Dies ist eine gesellschaftliche Debatte, die mit einem klaren Ziel vor Augen fortgesetzt werden muss: dem Wohl unserer Kinder. Denn letztlich sind sie unsere Zukunft. Und diese Zukunft sollte nicht durch Vorurteile und ineffiziente Verwaltungsprozesse getrübt werden.
Der Preis der Kindergrundsicherung: Woher soll das Geld kommen?
Die große Diskussion in den letzten Monaten gingen um die finanziellen Dimensionen einer Kindergrundsicherung. Gestritten wird darüber wie viel Geld das Vorhaben denn kosten wird: einmal über 12 Milliarden, die Forderungen der Grünen, 2 Milliarden, was die FDP einplanen will. Expertengruppen sagen 25 Milliarden sind notwendig. Und diese Zahlen gelten zusätzlich zu den 7 Milliarden, die sowieso schon für all diese Themen im Haushalt vorgesehen sind.
„Woher soll das Geld kommen?“, fragen wir uns. „Wir haben doch nichts.“ Ein großer Kritikpunkt an der Politik ist die fehlende Transparenz. Es wird leider nicht transparent kommuniziert, wie sich diese Milliarden zusammensetzen. Stattdessen werden einfach irgendwelche Zahlen rausgehauen – das finden wir sehr schade. Also haben wir selbst mal nachgerechnet:
Im Moment werden 7 Milliarden für Kinder ausgegeben. Was würde passieren, wenn alle Kinder, und hier reden wir nur von den von Armut Betroffenen, den Höchstsatz bekommen? Dann landen wir bei 22 Milliarden abzüglich der 7 Milliarden, also 15 Milliarden. Das sind immense Summen (auch wenn davon auszugehen ist, dass nicht alle den Höchstsatz bekommen würden…), die hier im Raum stehen, und der Mangel an Transparenz bei diesen Zahlen ist frustrierend.

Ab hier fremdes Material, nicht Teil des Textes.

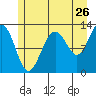 Bartlett Cove tide chart for Tuesday, July 26, 2022
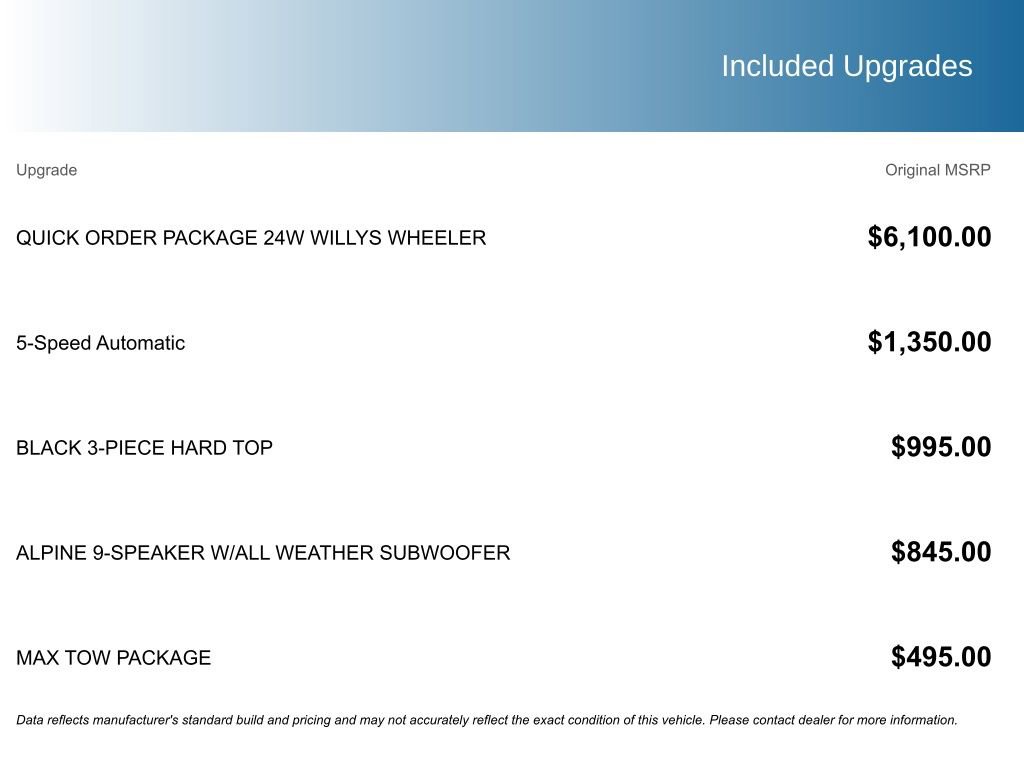 Used 2015 Jeep Wrangler Unlimited Willys image 5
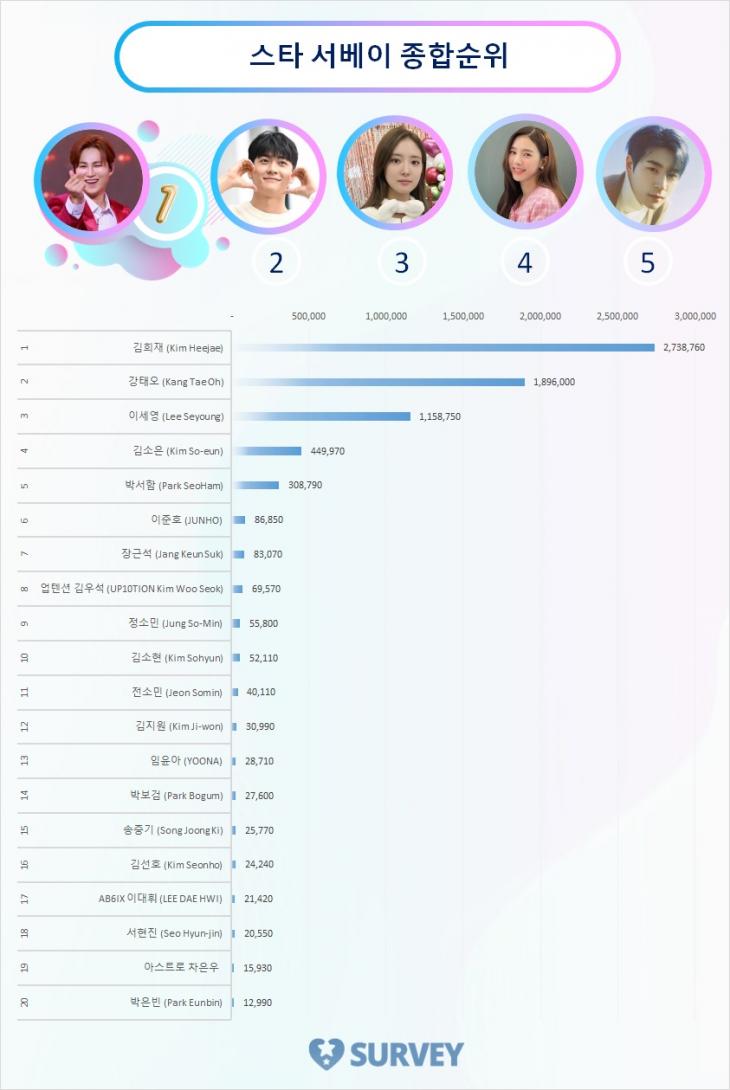 스타 서베이 종합순위 TOP20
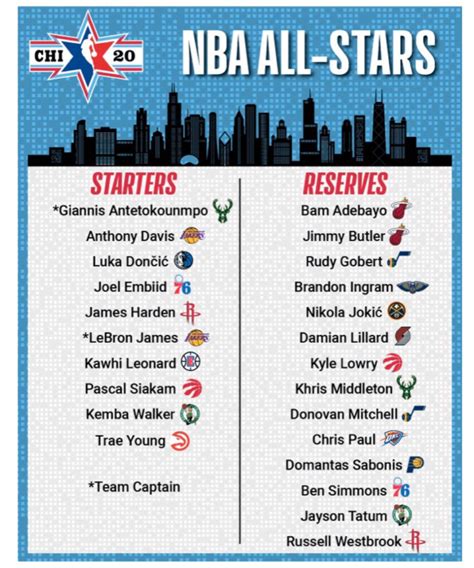 Reserves Named For 2020 Nba All Star Game Zagsblog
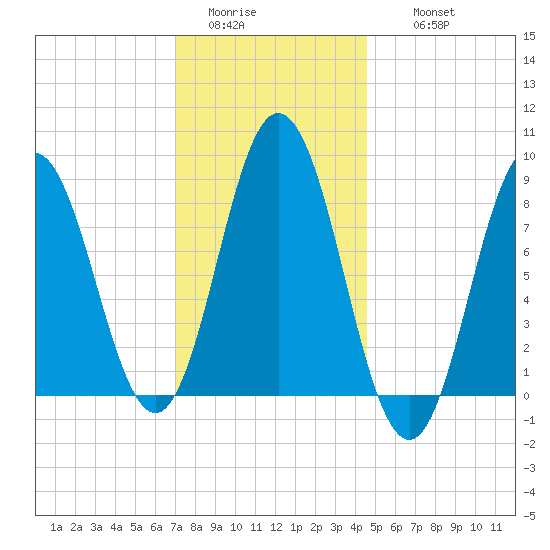 Damariscotta tide chart for Monday, January 23, 2023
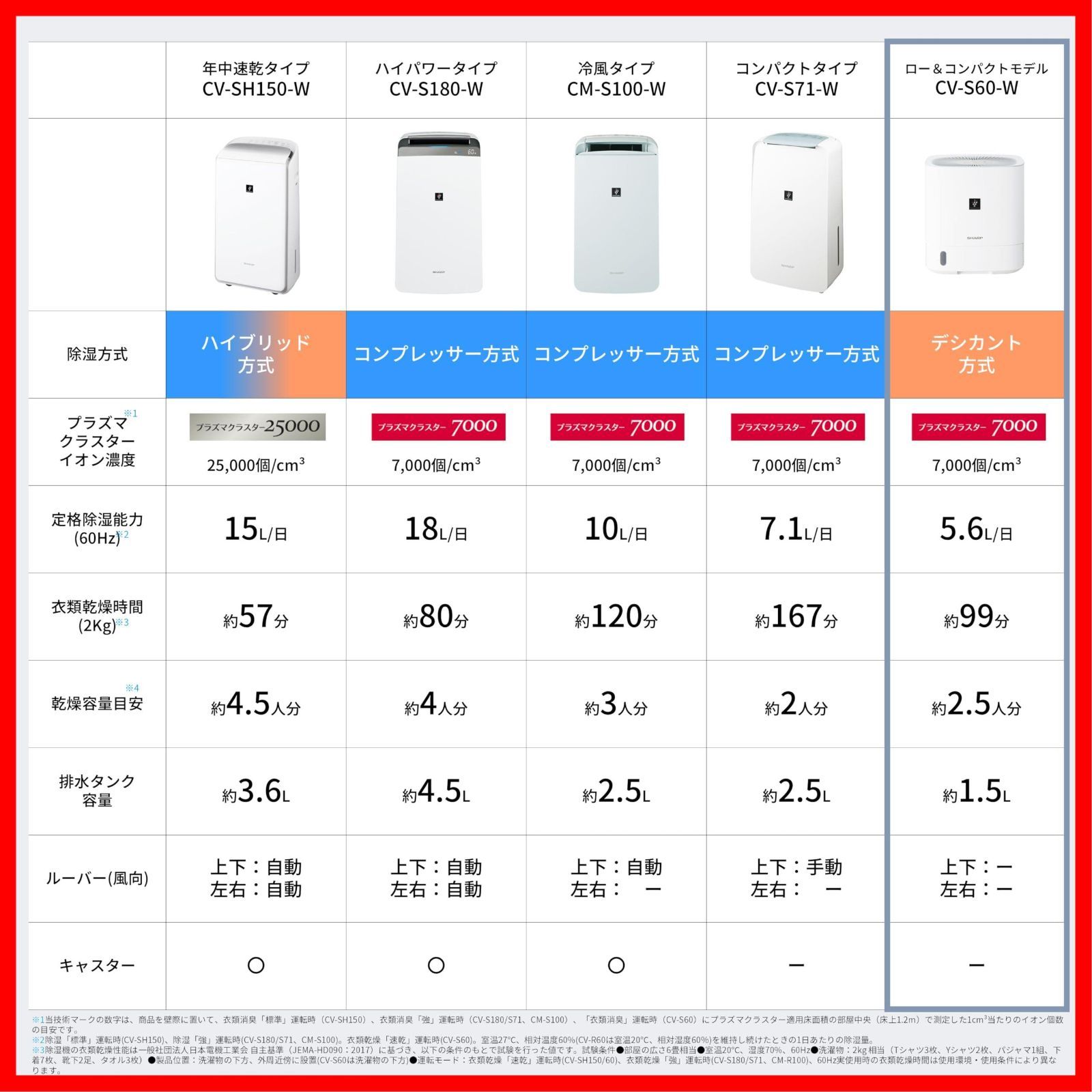 カビ抑制 消臭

Aber wo soll dieses Geld herkommen? Wir haben da einige Ideen:
1. Das Ehegattensplitting
Zum Beispiel könnte eine Reformierung des Ehegattensplittings viele Milliarden freisetzen, laut diversen Kalkulationen sogar bis zu 20 Milliarden, wenn es komplett abgeschafft würde. Und nein, eine Reform bedeutet nicht zwingend die Abschaffung, sondern eine Umgestaltung, etwa hin zu einem Familiensplitting.
2. Das Elterngeld
Ein anderer Ansatzpunkt wäre die Reform des Elterngeldes. Wie kann man dieses gleichberechtigter gestalten und mehr Mütter früher zurück in die Erwerbstätigkeit bringen? Natürlich: Indem es auch für die Väter mehr Anreize gibt, zuhause zu bleiben und Carearbeit zu übernehmen. Das würde zwar erstmal Geld kosten, aber durch steigende Erwerbstätigkeit käme mehr Einkommenssteuer in die Staatskasse. Das ist ein wichtiger Punkt: Erwerbstätigkeit, das Zauberwort, das auch in Bezug auf Ausbau der Betreuung immer wieder fällt.
3. Die Kinderlosen und Unternehmen
Und dann die brisante Idee, Kinderlose stärker zur Kasse zu bitten. Hierfür würde der Weg, der bei der Pflegeversicherung bereits gegangen wird auf andere Bereiche übertragen werden. Für ungewollt Kinderlose sicherlich eine doppelte (emotionale) Belastung – für die Gesamtgesellschaft aber ein Gedanke über den gesprochen werden sollte.
Oder wie wäre es, wenn große Unternehmen einen Beitrag leisten müssten? Eine Pauschalgebühr, um Kinderbetreuung zu ermöglichen und Elterngeld zu finanzieren. Die Unternehmen profitieren schließlich maßgeblich, wenn die Leute mehr und früher in der Familienphase arbeiten können.
Und hier kommen wir zu einem Punkt, der in Zeiten von Fachkräftemangel wichtig ist: Unternehmen möchten, dass möglichst viele Menschen arbeiten kommen. Also warum nicht das gesamte Betreuungssystem ein wenig umkrempeln und Anreize für Unternehmen schaffen, Betreuungsmöglichkeiten für ihre Beschäftigten zu bieten?
Es sind große Fragen, es sind wichtige Fragen. Die gesellschaftliche und politische Diskussion rund um die Kindergrundsicherung ist in vollem Gange. Ende August hat sich das Bundeskabinett geeinigt ab 2025 2,4 Milliarden zusätzlich für die Kindergrundsicherung bereitzustellen. Das Ziel ist den Grundbetrag einzuführen und Leistungen leichter zugänglich zu machen (Stichwort: Von der Hol- zur Bringschuld). Auch wenn dieser Kompromiss vermutlich die Kinderarmut nicht lösen wird, so ist es ein erster Schritt. Doch aus unserer Sicht, darf es nicht der letzte sein. Denn am Ende des Tages geht es nicht nur um Zahlen, sondern um die Zukunft unserer Kinder.